Texto escrito por Mónica Benicia Mamián-López

Sabemos muito bem que estrelas e planetas estão a anos-luz do nosso planeta Terra e mesmo assim a ciência tem trazido para nós muito conhecimento sobre seu tamanho, temperatura e, ainda, sobre sua composição química. Mas como é possível obter essa informação?

Embora missões espaciais tenham conseguido coletar amostras da superfície de corpos celestes mais “próximos” ou acessíveis, como a lua e Marte, isto não é possível para a grande maioria de planetas e estrelas, já que estão muito distantes. Assim, eles são estudados de forma remota, utilizando a interação da luz com a matéria e a decompondo para obter informação. 

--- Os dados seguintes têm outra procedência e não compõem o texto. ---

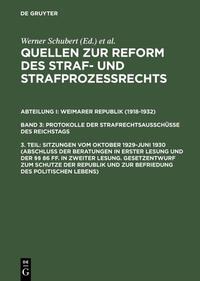 Quellen zur Reform des Straf- und Strafprozeßrechts. Weimarer Republik... / Sitzungen vom Oktober 1929–Juni 1930 (Abschluß der Beratungen in erster Lesung und der §§ 86 ff. in zweiter Lesung. Gesetzentwurf zum Schutze der Republik und zur Befriedung des politischen Lebens)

A decomposição da luz solar nas cores do arco-íris já era conhecida na antiguidade mas foi Newton, no século XVII que estudou e descreveu formalmente este fenômeno, a partir do seu famoso experimento de decomposição e recomposição da luz utilizando um prisma. Esta decomposição da luz nas diferentes cores é conhecida como espectro (Figura 1). No começo do século XIX, cientistas como Johann Wilhelm Ritter e William Hyde Wollaston descobriram que além das cores observáveis por nós, a luz solar também tinha na sua composição radiação invisível aos nossos olhos, e de energia maior do que a da cor violeta, e que conhecemos hoje como luz ultravioleta. Ao reproduzir o experimento do Newton, Wollaston também fez outro descobrimento interessante, ele viu que quando a luz passava por uma fenda muito estreita antes de atravessar pelo prisma, aparecia uma série de poucas linhas escuras sobrepostas no espectro de cores (espectro visível), como observamos na Figura 1. 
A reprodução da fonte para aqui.